Toward Integrated Security and Privacy Solutions for Multi-Modal AI
Researchers from Old Dominion University, William & Mary
Researchers will conduct a comprehensive investigation into the complex interplay between security and privacy in multi- modal AI systems, including systematically examining the interdependencies between these issues and understanding the mechanisms by which enhancements in one area affect the other.
Funded by the CCI Coastal Virginia Node
Project Investigators
- Principal Investigator (PI): Daniel Takabi, Old Dominion University School of Cybersecurity
- Co-PI: Rui Ning, Old Dominion University Department of Computer Science
- Co-PI: Lusi Li, Old Dominion University Department of Computer Science
- Co-PI: Yixuan (Janice) Zhang, William & Mary Department of Computer Science
Rationale
Security and privacy issues of artificial intelligence (AI) systems have traditionally been treated as separate concerns, each addressed through different techniques.
However, recent research shows an interdependence between these two issues: efforts to enhance security can inadvertently compromise privacy, and vice versa. This interplay becomes even more critical with the advent of multi-modal AI systems.
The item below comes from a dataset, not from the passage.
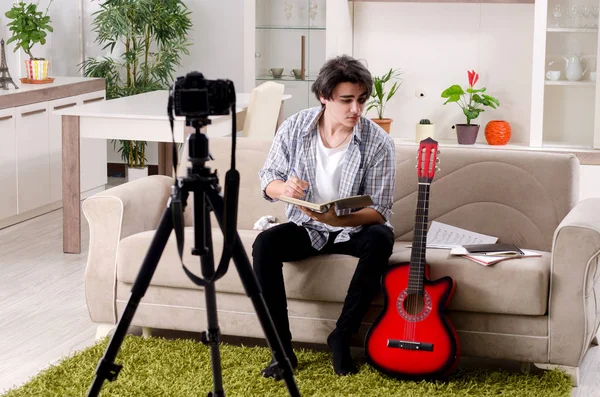 Jovem guitarrista gravação de vídeo para o seu blog — Fotografia de Stock
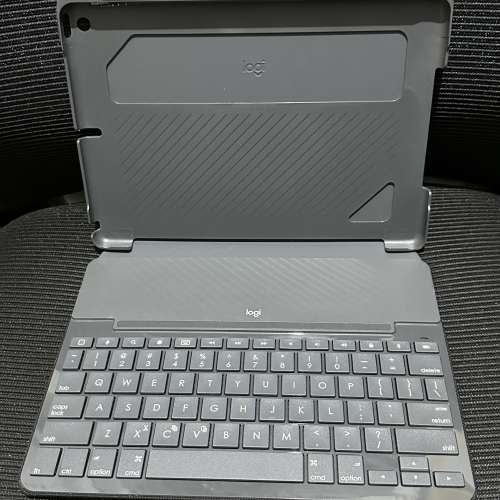 Logitech Slim Folio 藍牙鍵盤保護殼 (iPad 第 7、8、9代用)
In these complex systems, interdependencies between different data modalities can exacerbate trade-offs between security and privacy, amplifying vulnerabilities in both areas.
Projected Outcomes
Researchers will explore innovative countermeasures and solutions that provide trade-offs between security and privacy to develop a balanced and integrated framework that cohesively addresses both security and privacy concerns.
This will enable the creation of AI systems that:
- Are robust against external threats.
- Are capable of safeguarding user privacy.
- Accelerate the safe and responsible deployment of AI technologies in critical applications.
- Mitigate risks.
- Improve trust in AI systems in various sectors.